Creating a simple database migration tool in python

September 06, 2020

A simple migration tool in python

In doing a side project I started to evaluate how to best manage the life cycle of the database schema, in this particular project I am trying to avoid dependencies and to use KISS (keep it stupid simple) as much as possible.

It's a REST API written in python3.8 and the only dependencies so far are for passlib, jwt and tornado. It uses sqlite as the database.

In the past I have used alembic with SQLAlchemy as an ORM and it works really well! Django migration is also something I have used and is solid. But... no ORM this time.

When evaluating what's out there flywaydb looked interesting but I would have to manage java dependencies... I almost ended up using migrate but decided to write my own.

Database migrations 101

Ultimately for database migrations we want to go from state A of the database to state B. We do so by executing SQL statements against the database.

When changing state we can do things like

  • Create a new table
  • Modify a type of a column
  • Modify data

In order to manage the life cycle of a database we need to store the current version of the database somewhere.
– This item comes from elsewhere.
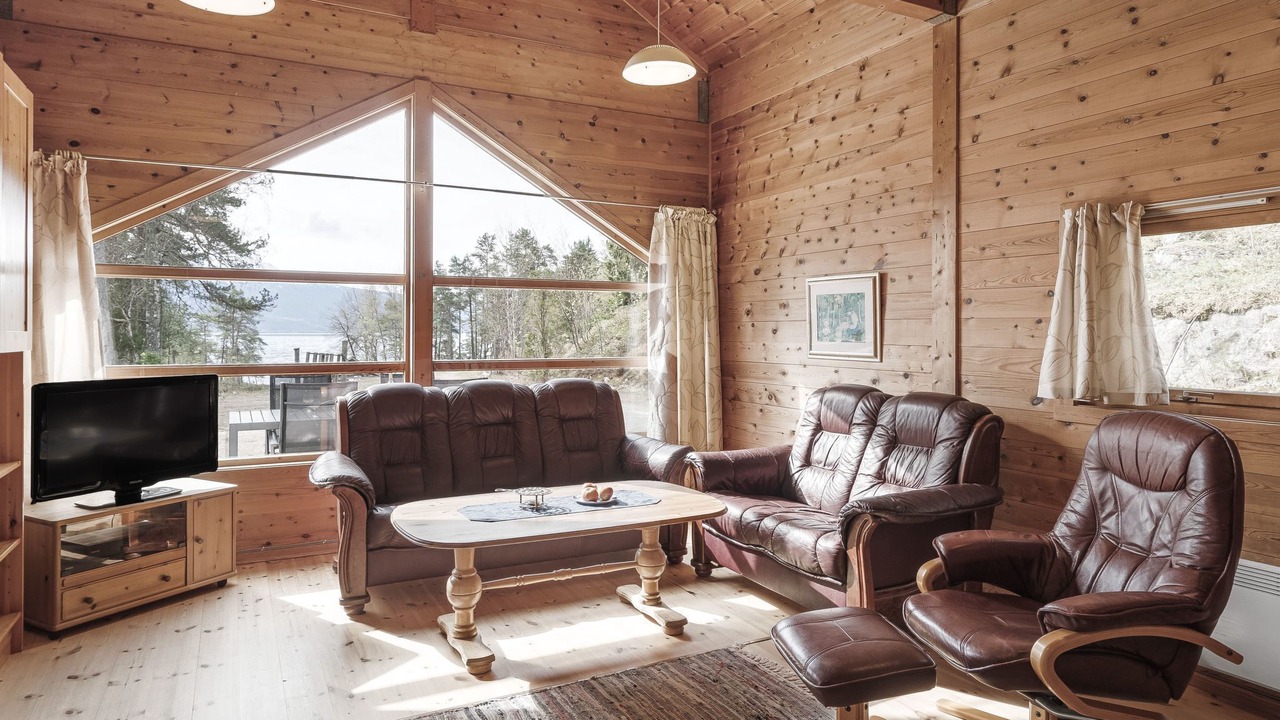 Photo of Livingroom in Balestrand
We then need to, when applying a SQL migration script, know it is the right one to apply against the current version of the database.

Folder and files structure

The root folder in my project looks roughly like this:

bin/      # Binary part of a release, like, the command to run the webapp.
python/   # The code that implements the REST API.
scripts/  # Has scripts to run against my project, not part of a release.
sql/      # SQL migrations.

create_db

For simplicity's sake I created a separate script just to create the database, it will also be the first migration!

The create database migration is a file inside the sql folder called 0000-createdb.sql.

For our file name convention the first four digits are the version of the migration, after the - we have the human readable name and then the .sql extension.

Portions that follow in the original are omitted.